M-mode (movement), beeld van de diepte over de tijd, laat bewegende structuren zien

102
Q

wat is de axiale resolutie?

A

de axiale resolutie zegt iets over het vermogen om verschillende details achter elkaar weer te geven.

103
Q

wat is de laterale resolutie?

A

de laterale resolutie zegt iets over de details naast elkaar.

104
Q

op welke verschillende manieren kan het hart met echografie worden bekeken?

A
  • links parasternaal
  • suprasternaal
  • rechts parasternaal
  • subcostaal
  • apicaal
105
Q

wat is het verschil van echografie met of zonder doppler?

A

met doppler kan stroomsnelheid in beeld gebracht worden, zonder doppler kan de diameter van structuren worden bepaald.

106
Q

welke stof wordt bij CT gebruikt als contrastmiddel?

A

jodium

107
Q

hoe bereken je de likelihood ratio?

A

LR+ = sens / 1-spec
LR- = spec / 1-sens

108
Q

hoe bereken je de NNT

A

NNT = 1/ hoeveelheid mensen die baat hebben bij het medicijn * 100%

109
Q

hoe berken je de enkel-arm index

A

de EAI bereken je door de BD in de enkel te delen door de BD in je arm.

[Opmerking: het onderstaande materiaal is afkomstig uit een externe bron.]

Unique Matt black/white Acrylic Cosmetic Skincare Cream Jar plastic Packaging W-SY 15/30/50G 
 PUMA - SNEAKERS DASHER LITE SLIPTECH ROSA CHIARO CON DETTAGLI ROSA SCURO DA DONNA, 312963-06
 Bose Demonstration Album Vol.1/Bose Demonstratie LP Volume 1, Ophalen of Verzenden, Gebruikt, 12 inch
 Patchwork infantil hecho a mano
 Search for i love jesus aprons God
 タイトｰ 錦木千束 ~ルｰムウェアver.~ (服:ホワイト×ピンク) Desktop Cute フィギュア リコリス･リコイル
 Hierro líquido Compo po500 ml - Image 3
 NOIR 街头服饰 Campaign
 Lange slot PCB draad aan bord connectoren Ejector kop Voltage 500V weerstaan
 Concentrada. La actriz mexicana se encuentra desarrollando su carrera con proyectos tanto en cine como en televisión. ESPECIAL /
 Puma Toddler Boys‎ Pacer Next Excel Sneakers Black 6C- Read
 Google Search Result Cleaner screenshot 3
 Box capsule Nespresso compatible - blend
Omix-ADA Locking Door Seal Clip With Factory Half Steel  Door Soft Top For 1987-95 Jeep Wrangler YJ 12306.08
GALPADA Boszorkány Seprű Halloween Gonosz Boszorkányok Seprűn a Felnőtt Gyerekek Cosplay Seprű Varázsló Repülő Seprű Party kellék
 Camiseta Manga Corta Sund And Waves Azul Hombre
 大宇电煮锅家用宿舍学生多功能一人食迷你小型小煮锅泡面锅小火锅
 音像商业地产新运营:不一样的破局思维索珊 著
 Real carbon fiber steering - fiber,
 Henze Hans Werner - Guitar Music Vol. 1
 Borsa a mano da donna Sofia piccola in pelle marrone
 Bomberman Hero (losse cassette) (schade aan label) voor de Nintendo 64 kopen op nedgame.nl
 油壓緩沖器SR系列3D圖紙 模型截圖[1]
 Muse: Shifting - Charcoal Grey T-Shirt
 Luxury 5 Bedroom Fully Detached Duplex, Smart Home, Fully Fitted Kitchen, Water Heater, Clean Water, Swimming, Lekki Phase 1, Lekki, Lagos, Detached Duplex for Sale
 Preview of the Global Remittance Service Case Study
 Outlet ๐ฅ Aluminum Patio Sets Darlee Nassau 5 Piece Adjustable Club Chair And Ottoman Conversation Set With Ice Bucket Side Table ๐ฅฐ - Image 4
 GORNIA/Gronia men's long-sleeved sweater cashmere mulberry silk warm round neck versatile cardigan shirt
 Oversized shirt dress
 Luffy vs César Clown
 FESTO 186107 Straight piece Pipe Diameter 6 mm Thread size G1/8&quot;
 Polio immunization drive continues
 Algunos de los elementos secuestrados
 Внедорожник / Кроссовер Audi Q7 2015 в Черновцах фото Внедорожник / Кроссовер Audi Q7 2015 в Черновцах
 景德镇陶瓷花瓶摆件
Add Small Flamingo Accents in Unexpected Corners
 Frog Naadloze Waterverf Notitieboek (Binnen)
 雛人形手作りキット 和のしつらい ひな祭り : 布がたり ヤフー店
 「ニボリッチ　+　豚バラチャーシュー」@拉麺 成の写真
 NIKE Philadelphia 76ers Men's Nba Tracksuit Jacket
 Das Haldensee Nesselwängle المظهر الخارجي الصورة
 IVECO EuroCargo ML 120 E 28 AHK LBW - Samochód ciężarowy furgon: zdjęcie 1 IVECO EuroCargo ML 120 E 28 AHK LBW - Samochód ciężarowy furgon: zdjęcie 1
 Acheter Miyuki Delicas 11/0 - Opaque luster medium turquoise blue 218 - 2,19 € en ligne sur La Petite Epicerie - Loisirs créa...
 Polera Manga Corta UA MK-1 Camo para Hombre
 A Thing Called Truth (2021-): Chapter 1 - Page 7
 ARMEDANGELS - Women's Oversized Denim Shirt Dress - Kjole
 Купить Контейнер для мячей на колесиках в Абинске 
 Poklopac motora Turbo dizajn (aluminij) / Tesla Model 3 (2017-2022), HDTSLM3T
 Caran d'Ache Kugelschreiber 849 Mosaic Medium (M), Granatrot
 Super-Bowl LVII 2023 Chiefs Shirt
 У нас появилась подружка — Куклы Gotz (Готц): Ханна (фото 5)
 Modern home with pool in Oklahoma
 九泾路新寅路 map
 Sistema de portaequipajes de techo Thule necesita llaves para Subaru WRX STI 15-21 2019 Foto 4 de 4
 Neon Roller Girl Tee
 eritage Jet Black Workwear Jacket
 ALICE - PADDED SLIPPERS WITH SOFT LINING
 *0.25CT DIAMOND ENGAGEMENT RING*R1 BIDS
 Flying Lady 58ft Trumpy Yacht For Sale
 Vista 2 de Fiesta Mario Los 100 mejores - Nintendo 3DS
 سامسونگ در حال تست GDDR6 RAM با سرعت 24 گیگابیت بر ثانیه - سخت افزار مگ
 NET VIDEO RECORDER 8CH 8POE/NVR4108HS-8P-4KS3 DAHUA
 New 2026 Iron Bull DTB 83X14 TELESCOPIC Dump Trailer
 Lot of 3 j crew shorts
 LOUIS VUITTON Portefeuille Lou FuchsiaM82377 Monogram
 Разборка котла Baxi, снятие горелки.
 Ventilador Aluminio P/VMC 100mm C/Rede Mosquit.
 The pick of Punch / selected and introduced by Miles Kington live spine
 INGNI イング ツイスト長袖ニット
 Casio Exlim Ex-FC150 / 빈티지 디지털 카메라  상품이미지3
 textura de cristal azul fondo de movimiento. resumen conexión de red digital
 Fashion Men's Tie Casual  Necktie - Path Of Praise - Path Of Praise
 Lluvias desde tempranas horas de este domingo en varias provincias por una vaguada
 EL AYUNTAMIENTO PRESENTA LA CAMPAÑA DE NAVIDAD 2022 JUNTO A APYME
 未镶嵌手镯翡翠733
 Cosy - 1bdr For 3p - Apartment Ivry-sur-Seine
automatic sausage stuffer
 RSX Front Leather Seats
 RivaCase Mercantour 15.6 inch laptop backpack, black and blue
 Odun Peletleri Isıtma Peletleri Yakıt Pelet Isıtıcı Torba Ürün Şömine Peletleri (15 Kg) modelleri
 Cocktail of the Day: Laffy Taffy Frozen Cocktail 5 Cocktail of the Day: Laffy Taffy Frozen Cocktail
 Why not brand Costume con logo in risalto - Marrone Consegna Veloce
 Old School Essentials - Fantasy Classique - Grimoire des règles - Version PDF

EAI in rust van <0,9 en EAI na inspanning van > 0,15 duiden op arterieel perifeer vaatlijden.

110
Q

voor welke diabetes gerelateerde diagnose kan EAI nog meer worden gebruikt?

A

voor diagnose van diabetisch ulcus kan EAI worden gebruikt. Wanneer dit niks uitsluit maak je een CT of MRI.

111
Q

wat bepaalt het populatierisico

A

de prevalentie en de grootte van het effect van een aandoening.